India's vital monsoon rains have been 29 percent below normal since the beginning of the June-September season, hurting crops such as rice and cane and triggering a sharp rise in food prices in India and sugar futures abroad.
Monsoon rains revived in the past few days, particularly in the cane-producing Uttar Pradesh state, where the local government has declared a drought in most of the districts, but this has not eased concerns of government and trade officials.
A central bank deputy governor said erratic monsoon rains may put pressure on prices, but the deputy chairman of India's Planning Commission said India had enough stocks of food to counter inflationary pressures.
Trade Secretary Rahul Khullar, meanwhile, said the government was not considering a ban on exports of corn and soymeal.
Finance Minister Pranab Mukherjee said on Tuesday he expects economic growth in 2009/10 to be over 6 percent, as forecast earlier and in line with a central bank estimate, despite the monsoon shortfall. .
He earlier said that "the ground reality was that the drought has set in," according to a government statement late on Monday.
Some private economists have said poor rains could trim economic growth by as much as 2 percentage points in the fiscal year that ends in March.

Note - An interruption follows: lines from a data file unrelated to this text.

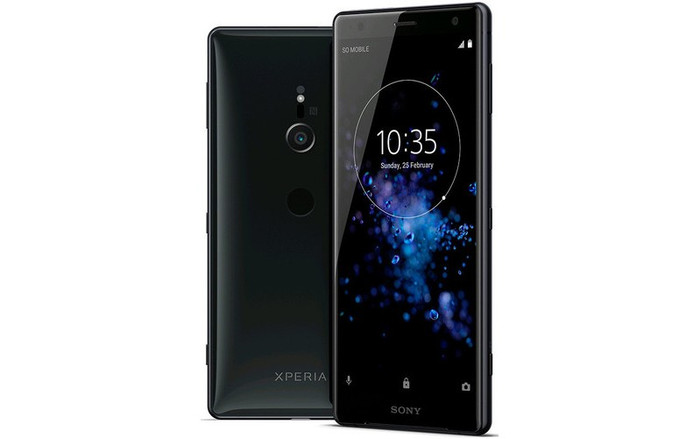 Lộ thiết kế Xperia XZ2 trước giờ G: Đẹp quá Sony ơi! Ảnh 2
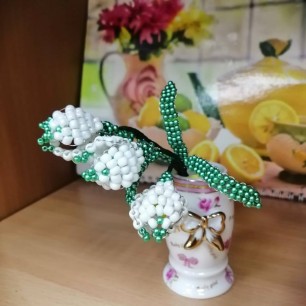 "Подснежники для мамы"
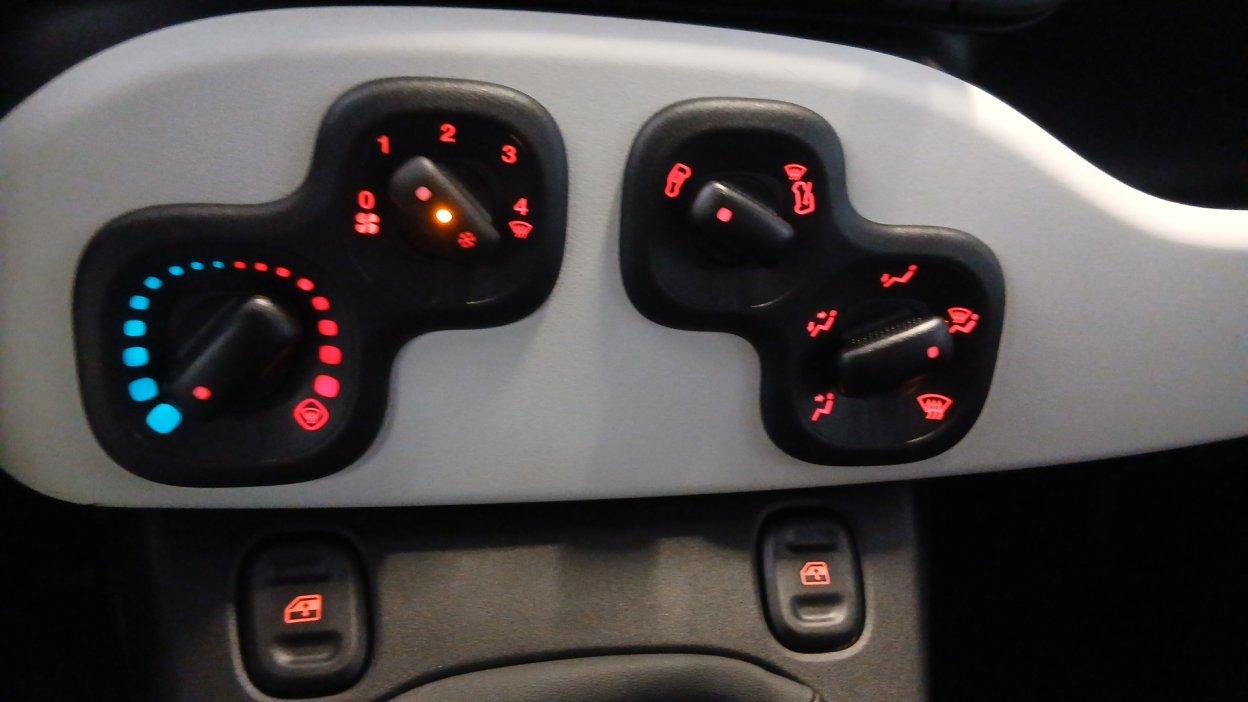 FIAT Pandina - Pandina 1.0 FireFly 65 CV Hybrid Cross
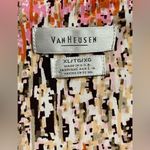 Van Heusen Womens  Sleeveless Tank Top Polyester Dress Shirt Sz XL NWOT Photo 3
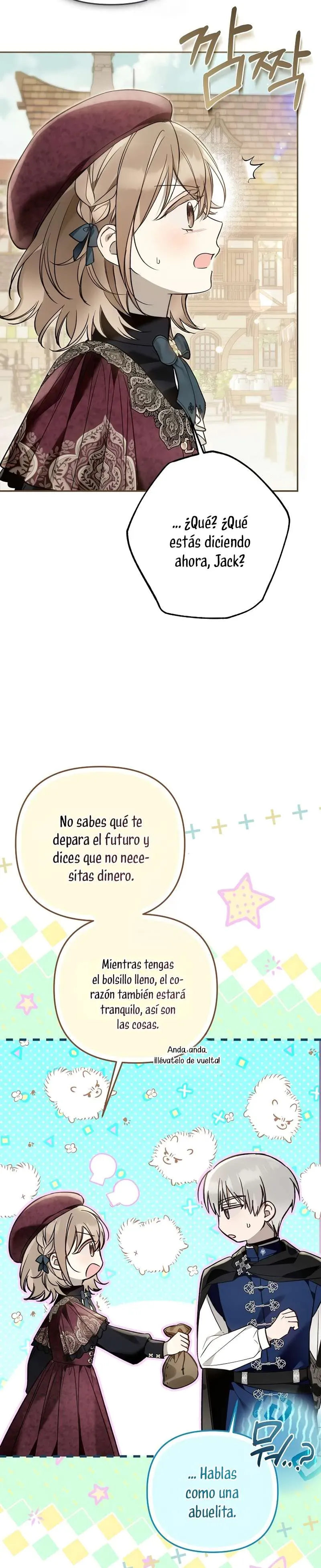 Página 31 — Monopolice El Favor De La Princesa Más Joven Y Se Obsesionaron Conmigo Capítulo 42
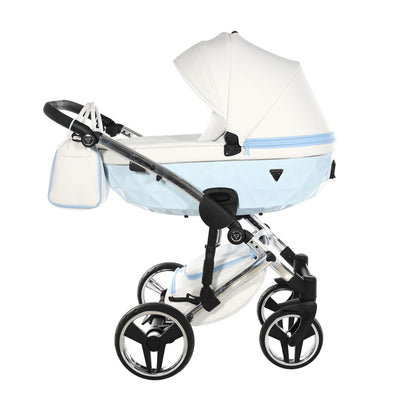 JUNAMA CANDY BLUE - 3IN1 (INCLUDES CAR SEAT)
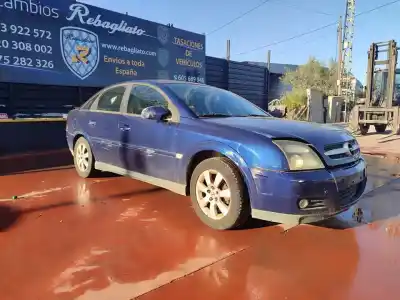 Vehicul casat opel vectra c berlina comfort al anului 2001 alimentat z19dt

Investors, meanwhile, are growing nervous that a poor harvest could crimp rural spending and erode profit growth for sellers of consumer goods.
Farming accounts for just 17 percent of the Indian economy but rural consumption makes up more than half of domestic demand.

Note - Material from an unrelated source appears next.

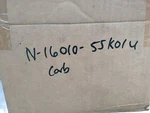 Used/good Nissan Carbonator N-16010-55K01U. Fixed Price $100.00.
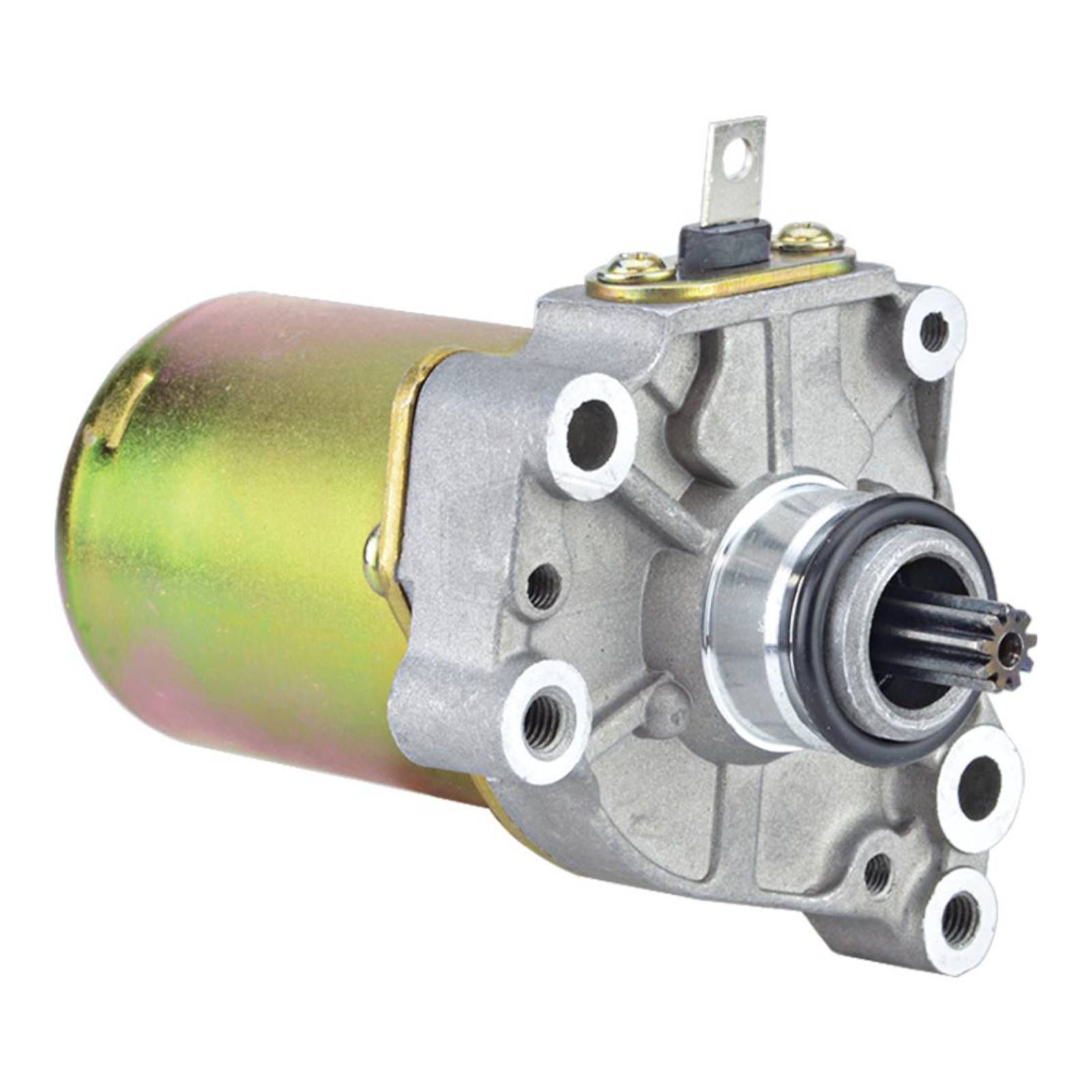 J&N Starter Motor (41058117) (AHSCH0012)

India's economic growth slowed to 6.7 percent in its most recent fiscal year after three straight years of growth of at least 9 percent.
POWER SUPPLY
Low rainfall has slowed the refilling of India's main water reservoirs, threatening the supply of hydropower, which accounts for a quarter of India's generation, and reducing availability of water to irrigate winter-sown crops such as wheat and rapeseed.
Hydropower generation in India had fallen 10 percent from last year, Central Electricity Authority Chairman Rakesh Nath told reporters.

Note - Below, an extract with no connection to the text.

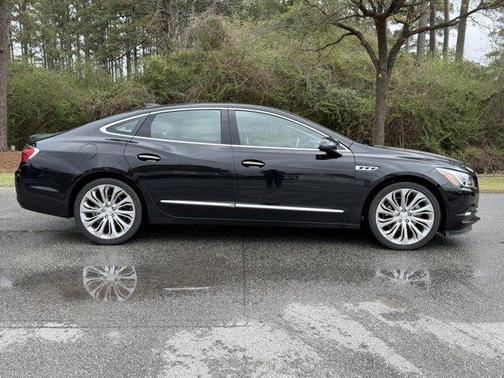 2017 Buick LaCrosse Premium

The weather office has forecast widespread rains in the key cane-growing areas in north and northwest India as well as the central Indian state of Madhya Pradesh, the main soybean-growing region.
India's farm minister, Sharad Pawar, said on Monday that the country needed to raise planting of winter-sown crops and improve irrigation to make up for the damage to farms. [ID:nDEL454082].
Monsoon rains are vital for India's summer-sown crops such as rice, sugarcane and soybeans because the majority of the farmers do not have access to irrigation facilities.